A surprising storyline isn’t everything of course. But that brings us back to what I was talking about in paragraph one. Schoenaerts’ work as Ali is whole-heartedly convincing. It’s a smart, unfussy piece of naturalistic acting. As well controlled as anything you’ll see this year. Trouble is the character is so without redeeming qualities that it becomes incredibly difficult to feel anything better than indifference toward him. Ali is self-centred, inconsiderate and brutish. He shows little remorse for his terrible parenting, and spares no thought for how his actions may negatively impact those around him. Whilst never actively malicious, he is such an oaf that it becomes hard to decide whether you’re waiting for something bad to happen to him, or hoping for it.
This makes half of Rust And Bone an incredibly hard sell.
Fortunately, we have Marion Cotillard.
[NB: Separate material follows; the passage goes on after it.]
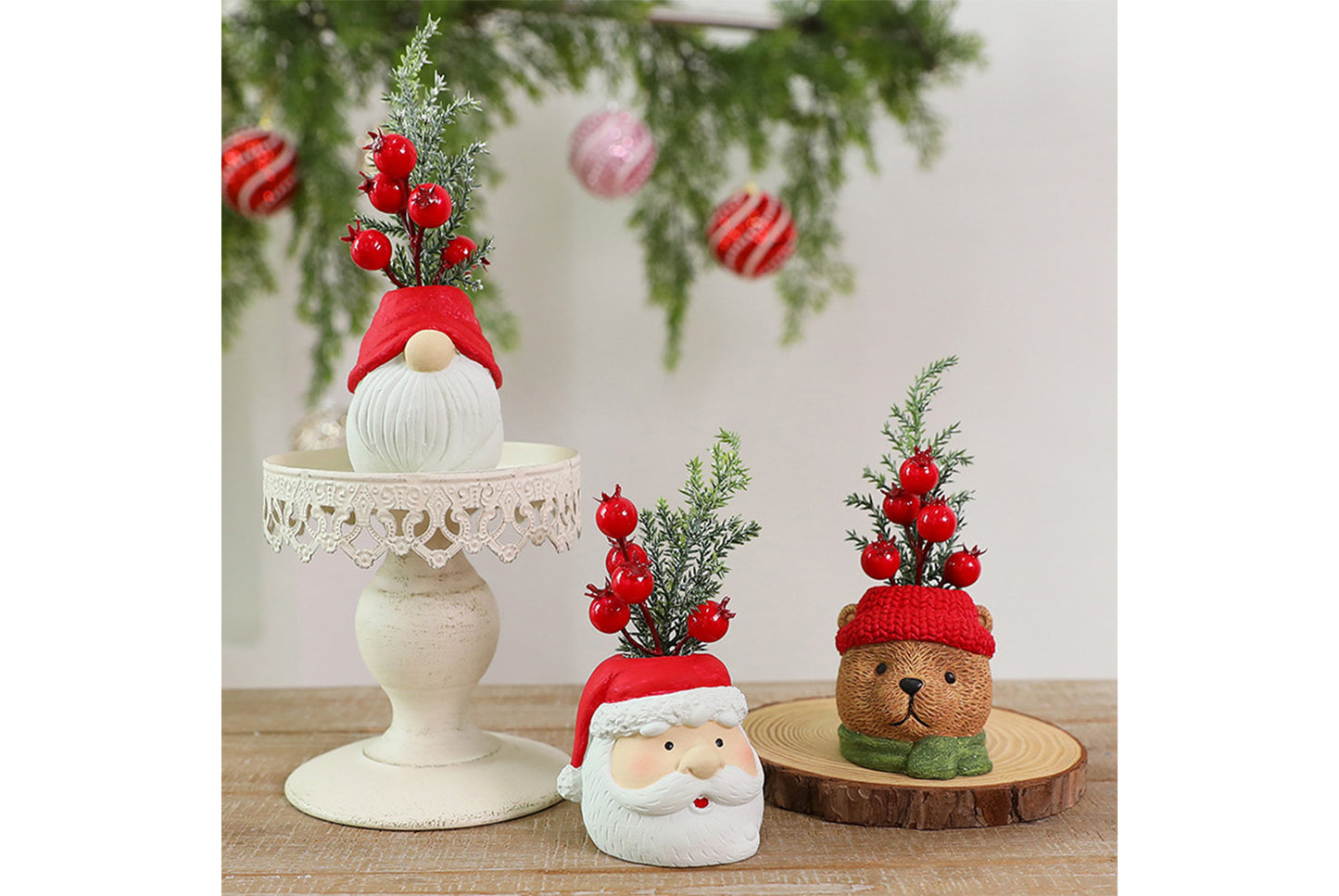 **Christmas Gnome Doll Decorative Ornament**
I can’t say I’m a huge fan of hers, yet here she is absolutely remarkable. It’s become trite to praise an actor for their ability to portray a person with a disability, but Cotillard’s Stéphanie is pretty much faultless. Grounded in muted realism, but backed with emotional heft, she deserves every platitude already levelled at her for this. She lifts the film up so much so that when she moves into the background – a necessary evil of the film’s third act – her absence is conspicuous.
To call Rust And Bone a romantic drama is to rather mislead. There is precious little romance to speak of, though the audience is pre-programmed to follow this pairing through the usual course. But with the balance between the characters so off, it’s not easy to cheer for them as a couple. The overriding impression is that, well, she could be doing a whole lot better.
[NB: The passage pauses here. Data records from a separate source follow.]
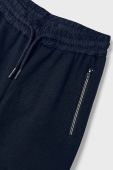 Дитячі спортивні штани Mayoral однотонні колір блакитний (3442851)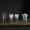 Trắng sứ vẽ tay nắp bát cốc chén trà bát gốm ba bát lớn nhà sản xuất trà kung fu bộ trà - Trà sứ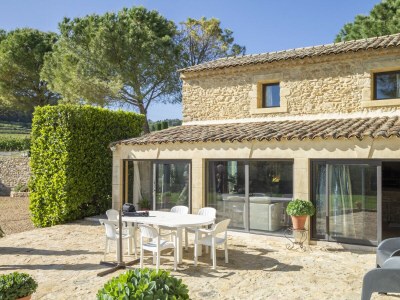 Holiday house Gîte Tresques - Outdoor photo 11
Why Ali? I’m still not sure. Clearly Stéphanie is drawn to him, and whilst he may be deplorable in all other regards, he is generally a better person in her presence. Some of the time. Well, a bit.
I appreciate and respect the honesty of it. Audiard rejects the notion of Hollywood romance, instead giving us something painted with less broad strokes, yet at the same time has he pushed too hard against it?
Rust And Bone is no disaster, though. From a technical perspective there is really little to fault. Alexandre Desplat provides an unobtrusive score to Stéphane Fontaine’s generally pleasing photography, and the sound design is pretty much spot on. And whilst two hours in this instance feels like a long time, there are no particular sequences that would’ve served the picture better on the cutting room floor.
In fact, a few moments here are quite transcendent. A long take in which Stéphanie communicates with one of her former whales through glass can’t help but move the viewer, whilst Audiard’s liberal use of Katy Perry songs sounds on paper like a truly awful idea… in practice it provides arguably the film’s standout moment in the middle of the picture. Again, with Cotillard’s Stéphanie fleetingly revisiting a life lost to her.
These moments of grace are all the more frustrating because of the lacklustre elements at work here. Something in the story just doesn’t connect, and a big part of this for me remains the loathsome Ali. For such a key link to be so weak makes the whole thing a rather tiresome exercise peppered with gems. Whether these diamonds are worth searching for in the rough is up to you.
Maybe it’s just me. If you’re undecided I would say give it a go. I’ve not seen Audiard’s other films yet, and nothing here has dissuaded me from wanting to. But I can’t give the film a more glowing score than the one below. For this viewer Rust And Bone proved an unfortunately unsatisfying experience.